More recently, aircraft designs have increased the use of electrical power onboard an airplane. For example, recent innovations include an electrical starter-generator, which is used for engine starting and power generation, electrically powered environmental control and pressurization systems, electrical actuation (flight controls), and electrical anti-ice and de-ice systems. With the inclusion of these new loads, total electrical loading onboard an aircraft could be raised from around 100 kilowatt (kW) to around 1 megawatt (MW).
One of the factors contributing to the electrical losses on aircraft is the relatively long distance over which power typically must be transmitted before reaching loads and the concomitant power dissipation. As mentioned earlier, aircraft power generation is typically carried out by generators associated with engines. However, as illustrated in FIG. 1, the engines 18 in many conventional aircraft 1 are positioned on the wings 16, this positioning being dictated by and optimized for propulsion and aerodynamics considerations rather than electrical power distribution considerations. Because of the engine positioning, power generated by the generators 14, typically alternating current (AC) power, must travel the distance from the wings 16 across to the body of the airplane 10 where it is fed into an AC bus 20. This power is then converted to DC power, often by a rectifier 22, and fed to a DC bus 24 from which the power is distributed over the distance of the body 10 to loads 8 distributed therethrough.
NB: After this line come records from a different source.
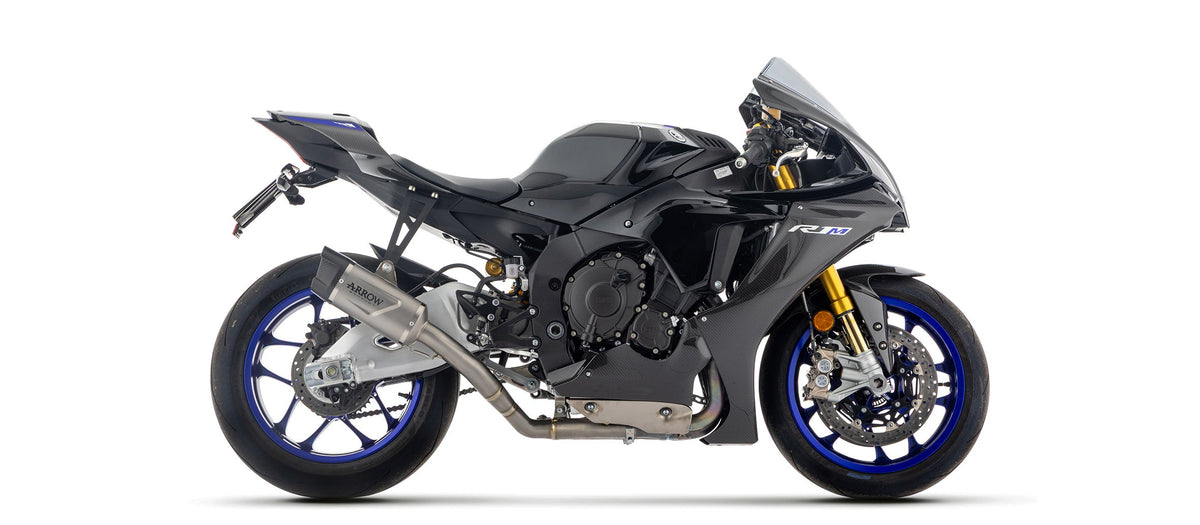 Arrow Half System Racing - Indy Race EVO Titanium Slip On + Titanium Link Pipe Ø60mm. - Yamaha YZF-R1/YZF-R1 World GP 60th Anniversary Edition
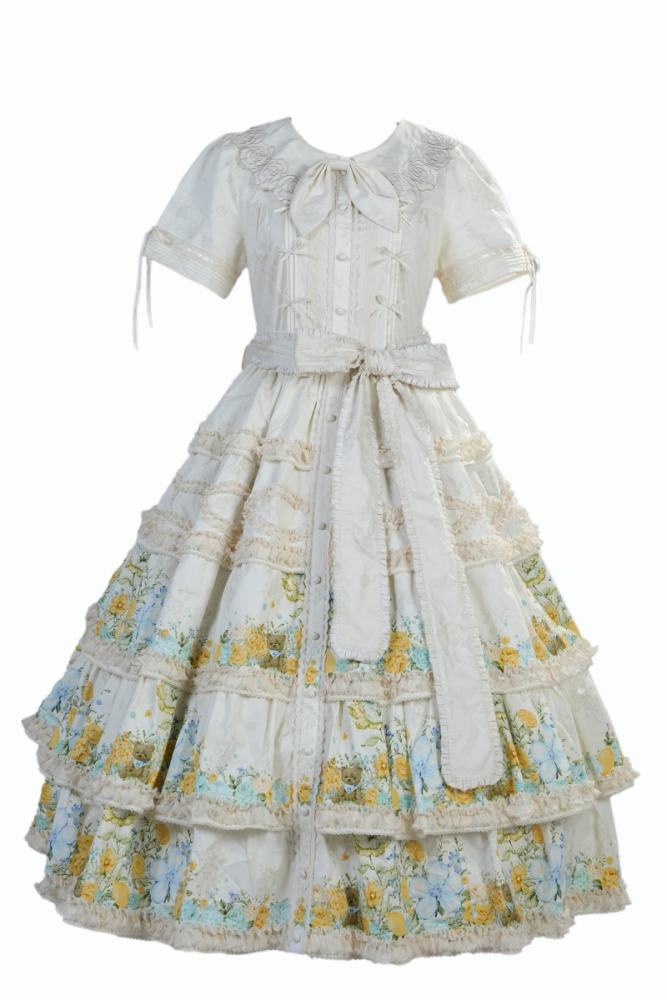 Nansheng Pavilion ~Flower Rabbit Little Bear~ Plus Size Lolita JSK OP and Blouse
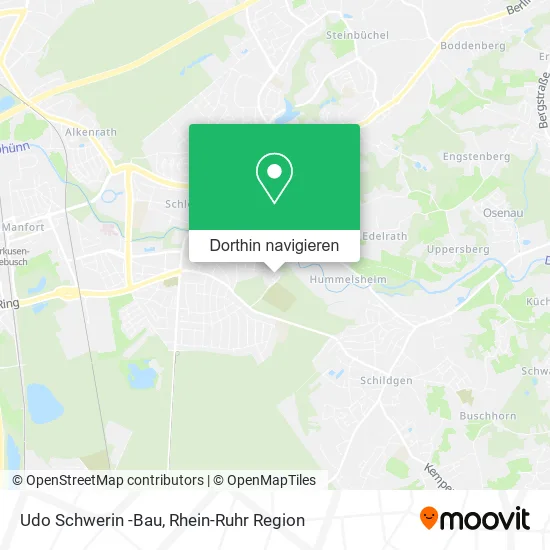 Udo Schwerin -Bau Karte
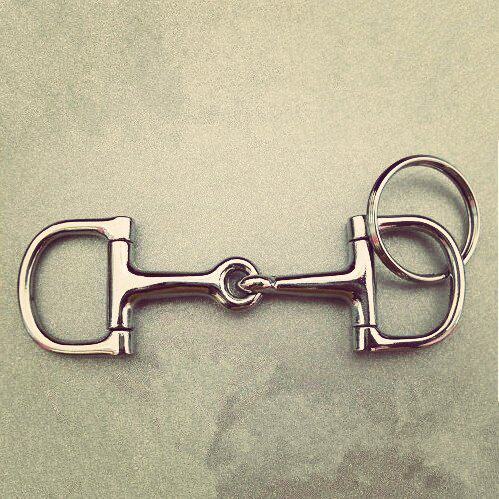 Mouth armature keychain exquisite equestrian pendant equestrian gifts horse harness gift hanging eight foot dragon harness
In all, the power is transmitted significant distances between the point of generation and the point of beneficial use. In so doing, a significant amount of power is dissipated via line losses, and this raises the amount of power that must be initially generated. There is a therefore a need in the art for a power distribution system in which power is used more efficiently and power dissipation through line losses is reduced. Further, transmission of relatively large amounts of power requires larger conductors and network components rated for higher power applications, which can disadvantageously increase weight and cost of the power distribution system. As such, there is a need in the art for a power distribution system that reduces the need for and/or use of high power conductors and components.